Self-attention-based architectures, in particular, Transformers have become the model of choice in natural language processing (NLP). Inspired by NLP successes, multiple works try combining CNN-like architectures with self-attention, some replacing the convolutions entirely. The latter models, while theoretically efficient, have not yet been scaled effectively on modern hardware accelerators due to the use of specialized attention patterns. Inspired by the Transformer scaling successes in NLP, one of the experiments is applying a standard Transformer directly to the image [@ImageT]. Due to the widespread application of computer vision, these problems differ and are constantly being at the center of attention of more and more research.


With the rapid development in NLP and CV in recent years, it was just a question of time to merge both modalities to tackle multi-modal tasks. The release of DALL-E 2 just hints at what one can expect from this merge in the future. DALL-E 2 is able to create photorealistic images or even art from any given text input. So it takes the information of one modality and turns it into another modality. It needs multi-modal datasets to make this possible, which are still relatively rare. This shows the importance of available data and the ability to use it even more. Nevertheless, all modalities are in need of huge datasets to pre-train their models. It's common to pre-train a model and fine-tune it afterwards for a specific task on another dataset. For example, every state-of-the-art CV model uses a classifier pre-trained on an ImageNet based dataset. The cardinality of the datasets used for CV is immense, but the datasets used for NLP are of a completely different magnitude. BERT uses the English Wikipedia and the Bookscorpus to pre-train the model. The latter consists of almost 1 billion words and 74 million sentences. The pre-training of GPT-3 is composed of five huge corpora: CommonCrawl, Books1 and Books2, Wikipedia and WebText2. Unlike language model pre-training that can leverage tremendous natural language data, vision-language tasks require high-quality image descriptions that are hard to obtain for free. Widely used pre-training datasets for VL-PTM are Microsoft Common Objects in Context (COCO), Visual Genome (VG), Conceptual Captions (CC), Flickr30k, LAION-400M and LAION-5B, which is now the biggest openly accessible image-text dataset.

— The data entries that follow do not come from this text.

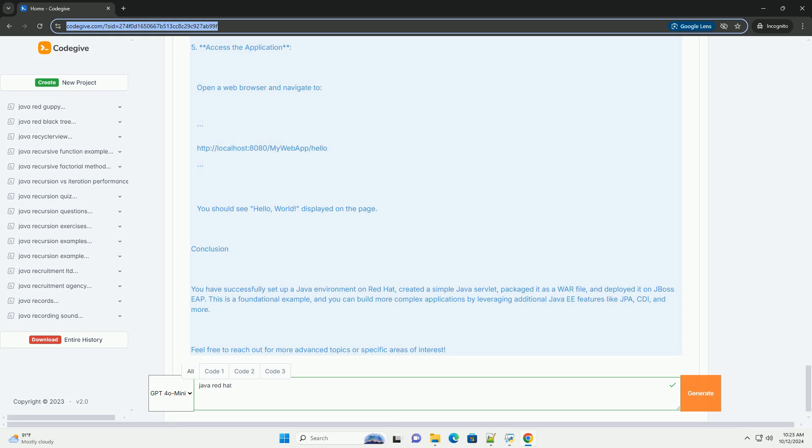Basic Java Application Example: Let's create a simple Java application that runs on JBoss EAP.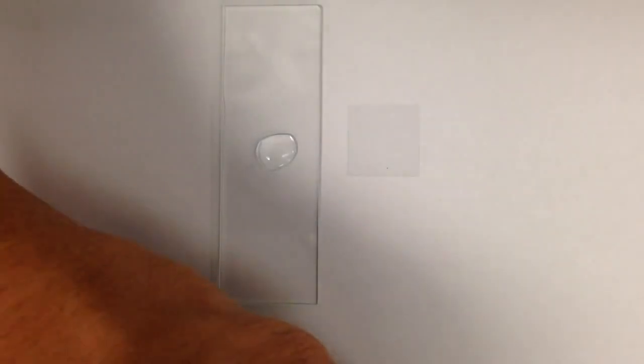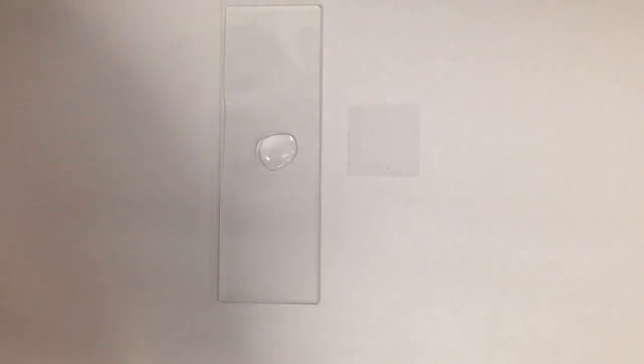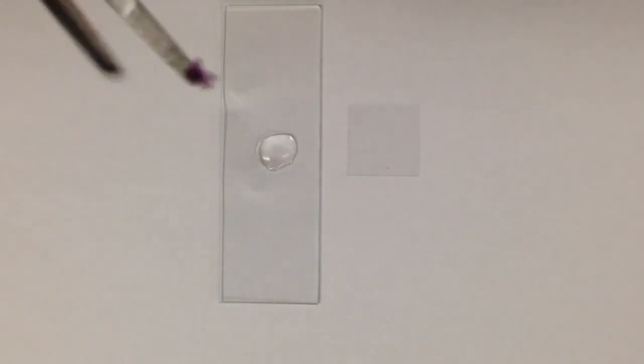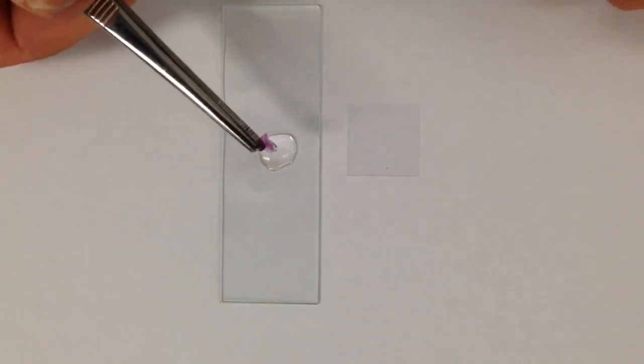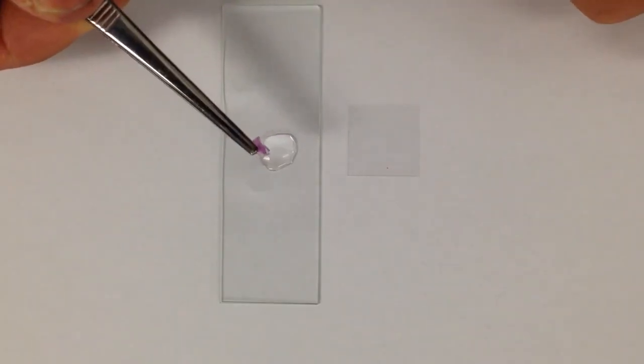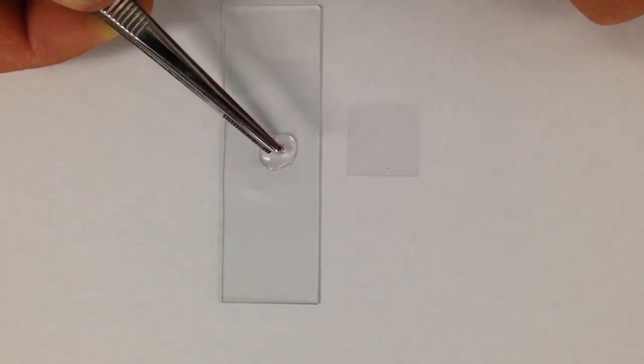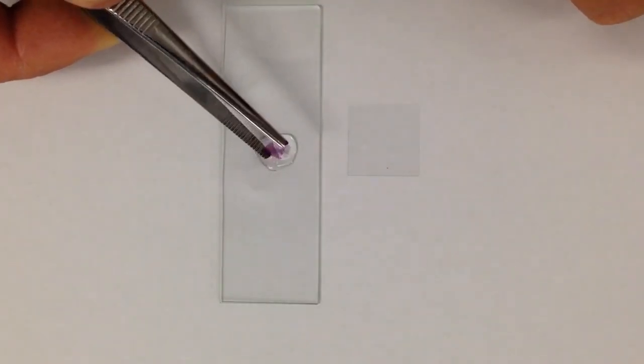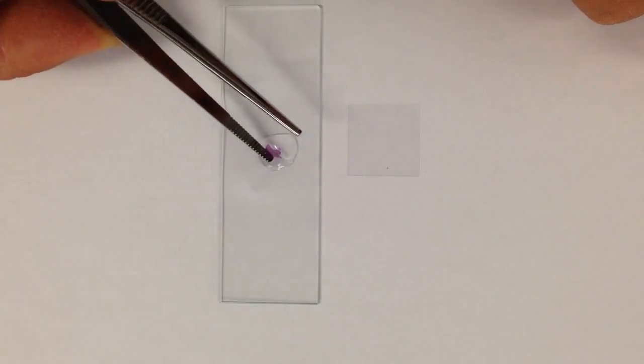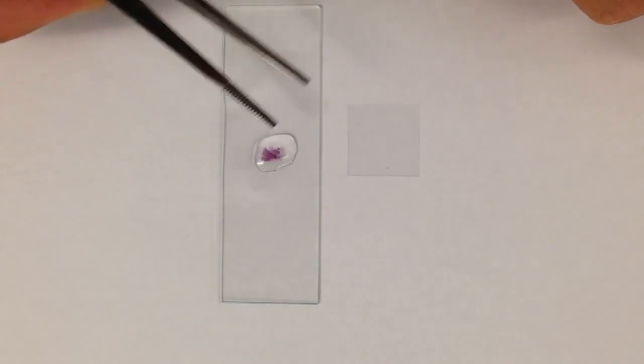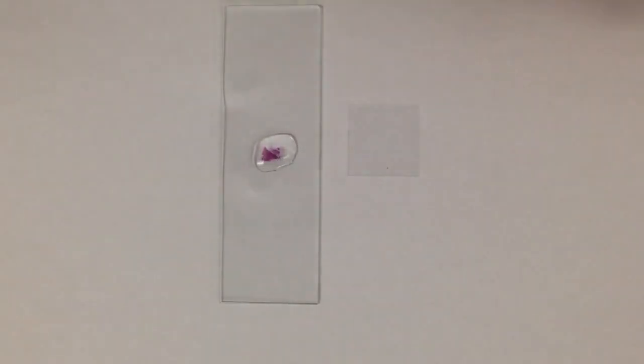So once you get that, if you want to use a pair of forceps, tweezers rather, what you can do is grab your onion skin and then slowly and carefully place it in the water droplet on your glass slide.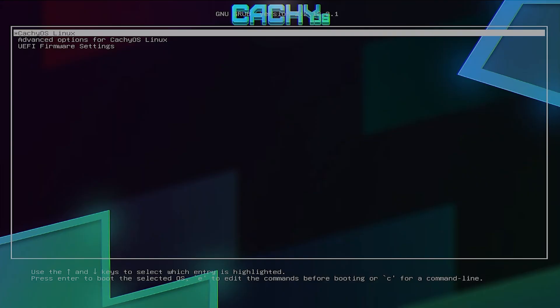CacheOS grub comes up, which is good. We can see that CacheOS is there, but there is no Windows. So we're going to fix that. Go into CacheOS Linux.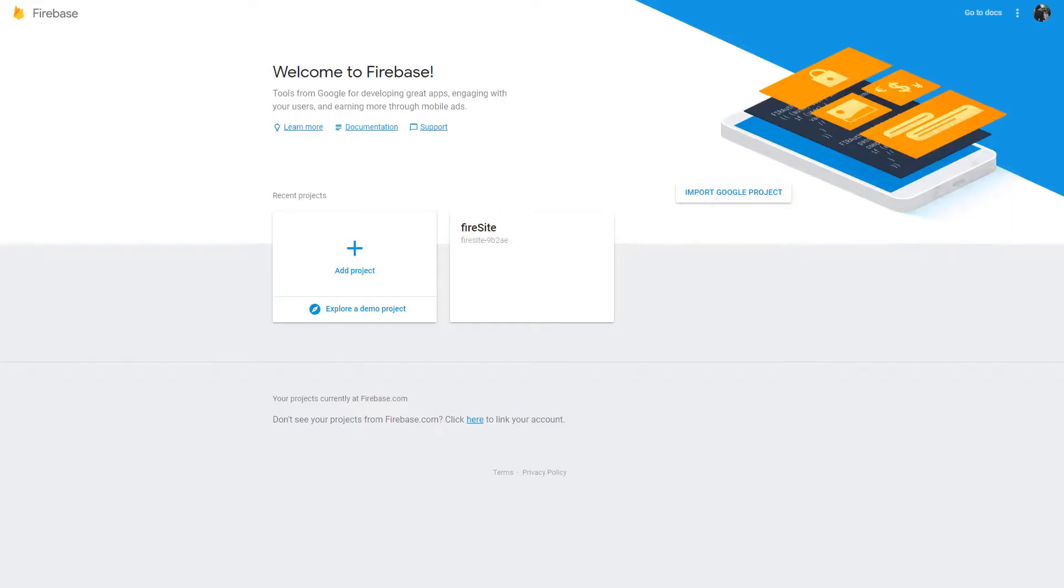Hello YouTube, so today I'm going to be showing you how to host your own website using Google's Firebase.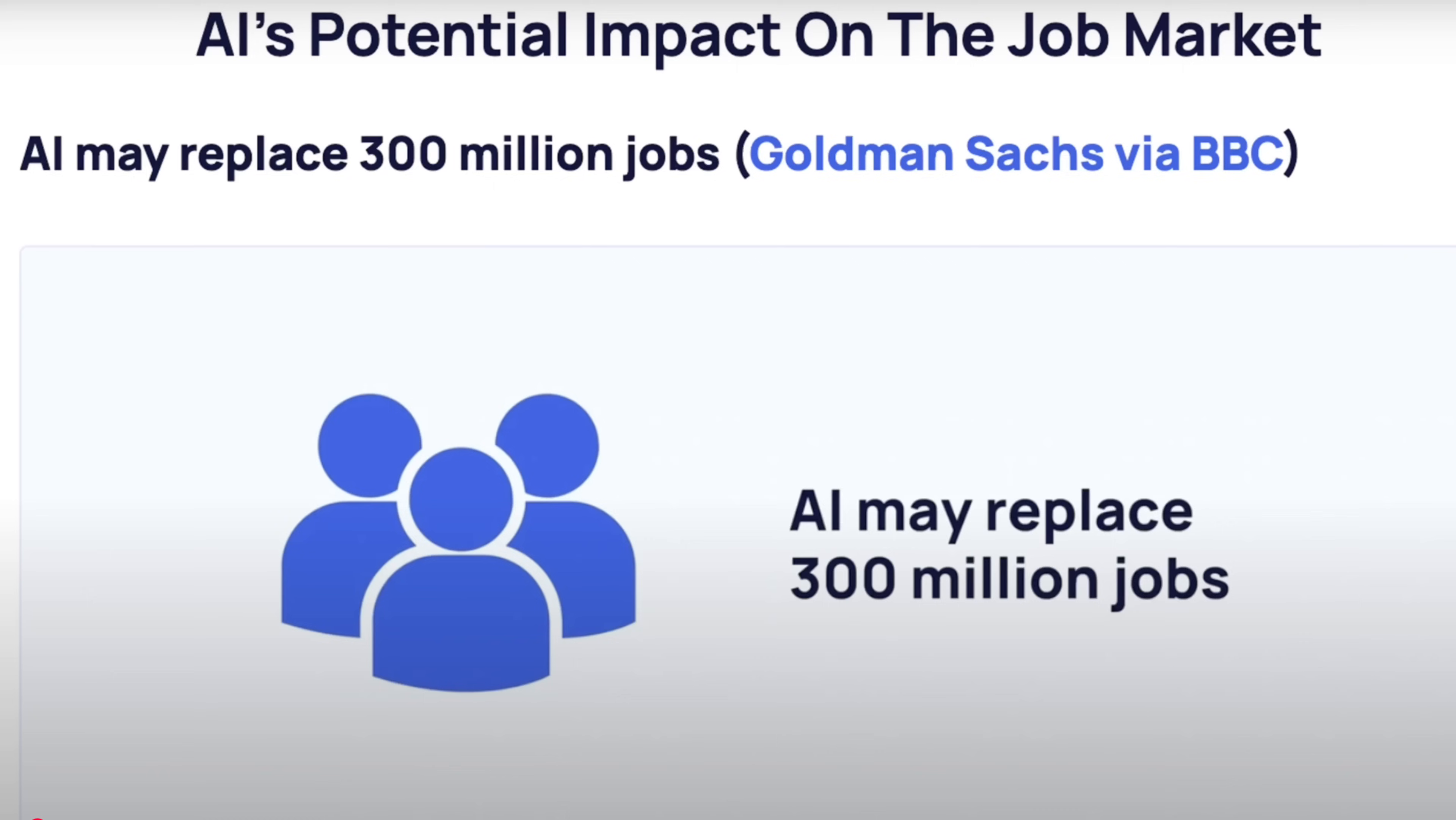I'm not sure if you've seen the reports yet, but Goldman Sachs just came out and said that they think in the next 12 months, AI is going to replace over 300 million jobs. So my question for you is, are you going to be one of those people that's replacing those jobs? Or are you going to be one of the people that gets replaced because you didn't embrace AI?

Besides the importance of pre-training data, there must also be a way to test or compare the different models. A reasonable approach is to compare the performance on specific tasks, which is called benchmarking. A nice feature of benchmarks is that they allow us to compare the models to a human baseline. Different metrics are used to compare the performance of the models. Accuracy is widely used, but there are also some others. For CV the most common benchmark datasets are ImageNet, ImageNetReaL, CIFAR-10(0), OXFORD-IIIT PET, OXFORD Flower 102, COCO and Visual Task Adaptation Benchmark (VTAB). The most common benchmarks for NLP are General Language Understanding Evaluation (GLUE), SuperGLUE, SQuAD 1.1, SQuAD 2.0, SWAG, RACE, ReCoRD, and CoNLL-2003. VTAB, GLUE and SuperGLUE also provide a public leader board. Cross-modal tasks such as Visual Question Answering (VQA), Visual Commonsense Reasoning (VCR), Natural Language Visual Reasoning (NLVR), Flickr30K, COCO and Visual Entailment are common benchmarks for VL-PTM.